What is the first order axiom characterizing a field having characteristic zero?

Question

In this thread on the axioms of $\mathbb Q$ it's stated that a field having characteristic zero can be written down in first-order logic. The definition in the logic lecture notes I work with (by Stephen G. Simpson) give the standard definition, which isn't a formal first order statement:

$$"(1+1+\ \dots\ +1+1)_{n\ \text{times}}\neq0"$$

Now in this Wikipedia page on periodic groups (and in the reference given there, I looked it up), it is stated that a group being periodic

$$"\forall x.\, ((x=e) \lor (x\circ x=e) \lor ((x\circ x)\circ x=e) \lor \ldots)"$$

can't be stated in first-order logic.
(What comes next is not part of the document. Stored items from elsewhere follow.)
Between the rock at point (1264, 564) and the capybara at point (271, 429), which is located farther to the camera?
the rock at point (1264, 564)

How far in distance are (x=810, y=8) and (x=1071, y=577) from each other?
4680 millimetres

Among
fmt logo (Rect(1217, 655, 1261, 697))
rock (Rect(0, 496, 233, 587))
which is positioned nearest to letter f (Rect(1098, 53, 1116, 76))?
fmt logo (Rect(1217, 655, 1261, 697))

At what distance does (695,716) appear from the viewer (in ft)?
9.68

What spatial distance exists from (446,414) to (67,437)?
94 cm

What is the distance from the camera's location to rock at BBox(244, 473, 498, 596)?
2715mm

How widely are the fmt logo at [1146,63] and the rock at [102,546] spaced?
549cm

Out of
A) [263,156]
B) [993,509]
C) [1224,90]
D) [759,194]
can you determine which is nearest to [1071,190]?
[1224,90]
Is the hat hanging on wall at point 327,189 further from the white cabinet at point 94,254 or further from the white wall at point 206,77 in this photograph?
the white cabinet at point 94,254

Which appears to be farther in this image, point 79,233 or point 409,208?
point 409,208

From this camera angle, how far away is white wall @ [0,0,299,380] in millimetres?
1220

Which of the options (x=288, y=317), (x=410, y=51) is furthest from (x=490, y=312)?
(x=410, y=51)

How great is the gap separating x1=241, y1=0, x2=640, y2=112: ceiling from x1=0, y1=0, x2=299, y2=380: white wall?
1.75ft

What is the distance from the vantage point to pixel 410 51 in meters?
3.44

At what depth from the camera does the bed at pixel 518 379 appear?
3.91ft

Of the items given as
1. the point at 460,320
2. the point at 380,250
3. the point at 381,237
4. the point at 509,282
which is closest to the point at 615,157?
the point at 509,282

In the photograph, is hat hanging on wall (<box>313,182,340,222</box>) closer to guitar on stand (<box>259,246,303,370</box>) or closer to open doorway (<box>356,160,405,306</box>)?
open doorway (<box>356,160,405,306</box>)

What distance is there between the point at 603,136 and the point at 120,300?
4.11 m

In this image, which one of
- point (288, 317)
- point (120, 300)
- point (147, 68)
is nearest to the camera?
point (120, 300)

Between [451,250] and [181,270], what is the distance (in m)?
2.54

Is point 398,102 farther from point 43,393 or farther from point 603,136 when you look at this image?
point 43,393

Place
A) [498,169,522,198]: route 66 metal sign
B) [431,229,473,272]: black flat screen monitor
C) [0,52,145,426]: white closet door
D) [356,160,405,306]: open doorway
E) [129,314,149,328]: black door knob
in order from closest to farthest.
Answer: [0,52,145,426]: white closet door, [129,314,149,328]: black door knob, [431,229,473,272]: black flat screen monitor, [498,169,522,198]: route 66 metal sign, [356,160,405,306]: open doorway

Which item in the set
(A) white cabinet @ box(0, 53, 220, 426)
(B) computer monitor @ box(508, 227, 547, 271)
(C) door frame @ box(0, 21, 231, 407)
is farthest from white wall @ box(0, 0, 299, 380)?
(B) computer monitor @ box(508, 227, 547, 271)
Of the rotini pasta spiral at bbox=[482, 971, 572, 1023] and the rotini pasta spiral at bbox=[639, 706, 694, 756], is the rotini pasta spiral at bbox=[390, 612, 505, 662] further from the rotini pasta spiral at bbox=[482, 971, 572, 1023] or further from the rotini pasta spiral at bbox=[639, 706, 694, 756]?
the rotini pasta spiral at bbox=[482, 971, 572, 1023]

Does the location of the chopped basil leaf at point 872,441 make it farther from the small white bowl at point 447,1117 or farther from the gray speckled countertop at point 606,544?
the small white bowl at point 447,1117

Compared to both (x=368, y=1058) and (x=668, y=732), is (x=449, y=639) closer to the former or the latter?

Both would be "for all $n\in \mathbb N$" statements and it makes my question how the characteristic zero axiom can be a first-order statement and secondly if we can formally pull off $\mathbb Q$ without first formalize $\mathbb N$.

My question is: What is the first order axiom characterizing a field having characteristic zero?

Answer 1

There is no single axiom doing that. But rather a schema of axioms stating that the characteristic is not positive of any possible value.

To see that this is the case, consider the ultraproduct of all prime fields of finite order, with a free ultrafilter. The result is a characteristics $0$ field. And any statement true in that field is true in infinitely many finite fields. So there cannot be a single axiom stating that the characteristics is $0$.

Answer 2

What one means by declaring $$(1+1+\cdots+1+1)_{n\text{ times}}\neq0$$ to be an axiom (schema!) is that each of the formulas $$ \begin{align} 1 &\neq 0 \\ 1+1 &\neq 0 \\ 1+1+1 &\neq 0 \\ 1+1+1+1 &\neq 0 \end{align} $$ and so forth, is separtely an axiom.

As Asaf argues, the resulting theory of fields of characteristic 0 is not finitely axiomatizable, but there is nothing intrinsically wrong with having a theory with infinitely many axioms, as long as there's a definite way to determine whether a given formula is an axiom or not.

Axiom schemas are also used in the usual first-order theories for basic arithmetic (Peano Arithmetic with its induction axiom schema) or set theory (ZFC with axiom schemas for selection and replacement).

Answer 3

The problem with the group theory case is that there is no natural way to break up an infinite $\lor$ into separate axioms. But the infinite axiom scheme for $\mathbb Q$ is representing an infinite $\land$, so we can break it up into separate axioms.